While going through the model, we had to ask ourselves some key questions:
DATA PREPROCESSING
-
What variable is considered the target for our model?
- IS_SUCCESSFUL
-
What variables are considered to be the features for your model?
- APPLICATION_TYPE
- AFFILIATION
- CLASSIFICATION
- USE_CASE
- ORGANIZATION
- STATUS
- INCOME_AMT
- SPECIAL_CONSIDERATIONS
- ASK_AMT
-
What variables are neither targets nor features, and should be removed from the input data?
- EIN
- NAME
COMPILING, TRAINING, AND EVALUATING THE MODEL
-
How many neurons, layers, and activation functions did you select for your neural network model, and why?
-
Layers: 2 layers for ease of starting, and simplicity for extensive data.
-
Neurons: 80 and 30 - 80 is approximately twice the input (43), and 30 neurons shortens the calculation time
-
Activation functions: ReLU as it is simple to implmenent and effectitve at overcoming limitations that are present in other activation functions
-
-
Were you able to achieve the target model performance?
- No - as seen below, we were not able to acheive 0.75 accuracy.
-
What steps did you take to try and increase model performance?
- Increase Bins
- Decrease Epochs
- Increase Neurons
Overall, even after optimization attempts, we were unable to improve the effectiveness of the model and bring accuracy up to 0.75 or greater.
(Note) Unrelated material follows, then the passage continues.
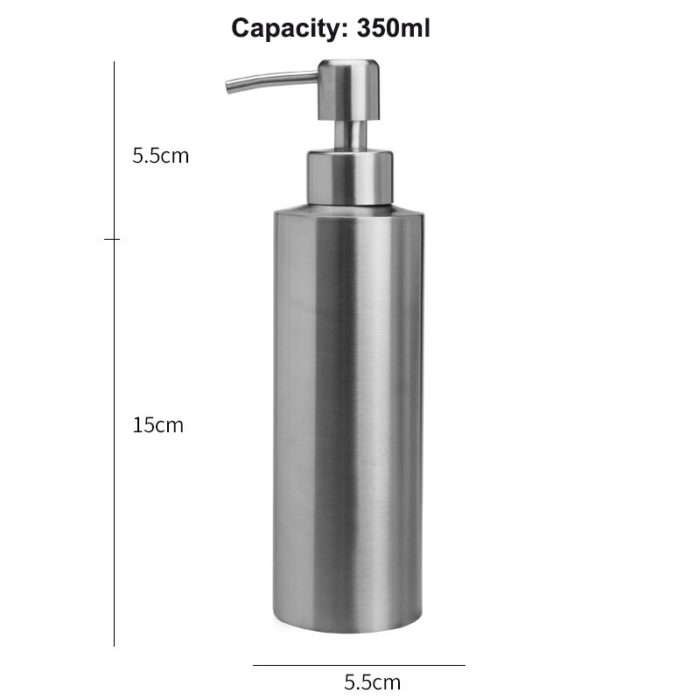 stainless steel soap dispenser 350ml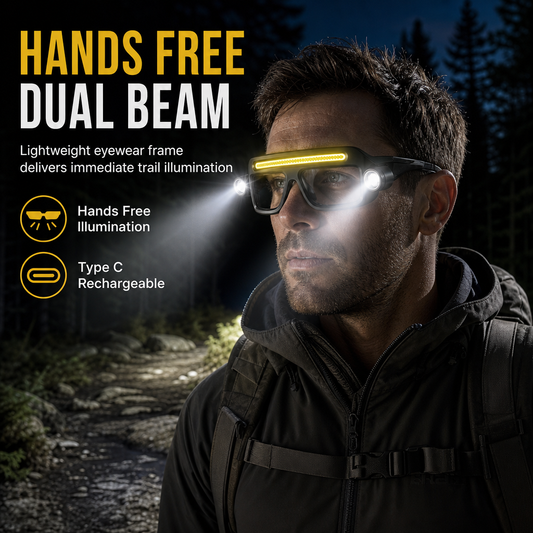 💡 Clip-On Glasses Light | 5 Modes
Finally, I would recommend combining optimization attempts - increase amount in bins, increase neurons, to see if that would further optimize the model.
Another approach to take is the Random Forest Classification model - this model excels at classification and is effective. The Random Forest Classifier is a little easier to use and less prone to overfitting than neural networks.